De analyse was gebaseerd op een systematische review van alle gerandomiseerde placebogecontroleerde proeven met enig geneesmiddel uit 4 klassen bloeddrukverlagende middelen (thiaziden, β-blokkers, ACE-remmers en angiotensine II-receptorantagonisten) in vaste doses die van 1966 tot 2001 zijn gepubliceerd. We gebruikten MEDLINE, maar doorzochten ook het Cochrane Controlled Trials Register en de Web of Science database, onderzochten citaties in de verslagen van de geïdentificeerde trials en in overzichtsartikelen, en vroegen farmaceutische bedrijven om trials te identificeren van medicijnen die zij produceerden.
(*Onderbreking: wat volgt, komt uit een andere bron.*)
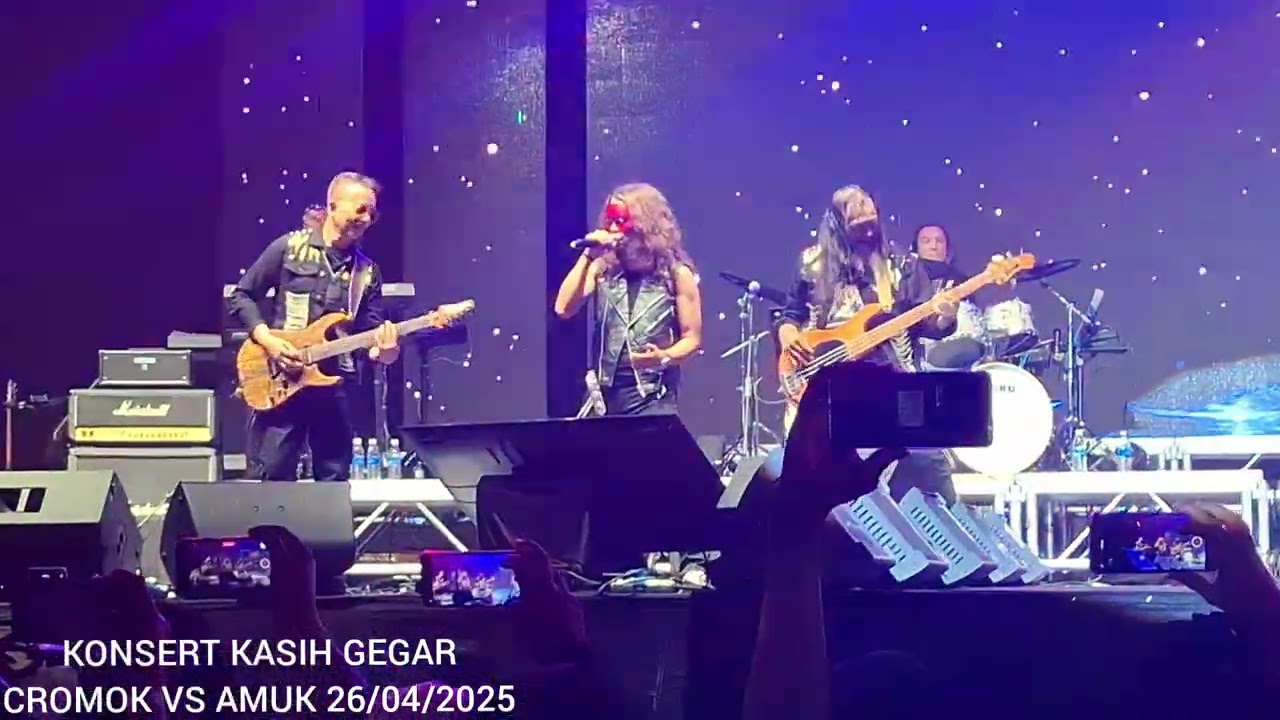 KONSERT KASIH GEGAR CROMOK VS AMUK LIVE IN ARENA NILAI APRIL 2025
We gebruikten Medical Subject Headings (MeSH) termen die trials (klinische trial, gecontroleerde klinische trial, gerandomiseerde gecontroleerde trial, willekeurige toewijzing, dubbelblinde methode) en bloeddrukverlagende geneesmiddelen (antihypertensiva; hypertensie; bloeddruk; diuretica; thiazide; adrenerge β-antagonisten; ACE-remmers; receptoren, angiotensine/antagonisten en remmers; tetrazolen of de generieke en handelsnamen van individuele geneesmiddelen in de 4 klassen) omvatten. We zochten ook naar studies die de tekstwoorden gerandomiseerd of gerandomiseerd of de generieke of handelsnamen van de individuele geneesmiddelen bevatten.
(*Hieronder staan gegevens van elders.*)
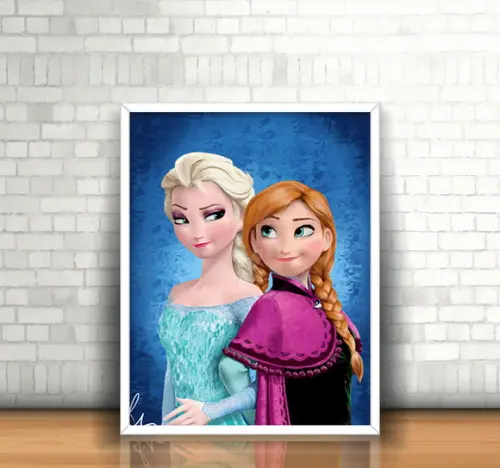 Quadro Elsa & Anna / Frozen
We includeerden alle dubbelblinde trials met een duur van ≥2 weken bij volwassenen (≥18 jaar oud). We sloten onderzoeken uit zonder placebogroep, met een duur van <2 weken, met dosistitratie (zodat verschillende patiënten verschillende doses kregen), of waarin enkele controlepatiënten werden behandeld. We sloten ook trials uit waarin geneesmiddelen alleen in combinatie met andere geneesmiddelen werden getest, cross-over trials met een niet-gerandomiseerde volgorde van behandelings- en placeboperiodes, en trials waarin patiënten met hartfalen of acuut myocardinfarct werden gerekruteerd (maar voor het overige werden trials opgenomen, ongeacht de aandoeningen van de deelnemers).28 Trials werden niet uitgesloten als vergelijkbare proporties van behandelde en placebodeelnemers naast het testgeneesmiddel andere bloeddrukverlagende geneesmiddelen gebruikten, hoewel dit in bijna alle trials niet het geval was. In onderzoeken waarin de aantallen behandelde en placebodeelnemers die hoofdpijn rapporteerden tijdens de duur van het onderzoek werden gepubliceerd, noteerden wij deze gegevens. Wij registreerden ook de verlagingen van de systolische en diastolische bloeddruk als de verandering in de bloeddruk in zittende of liggende positie in de behandelde groep min die in de placebogroep (in cross-over trials, end-treatment min end-placebo bloeddruk).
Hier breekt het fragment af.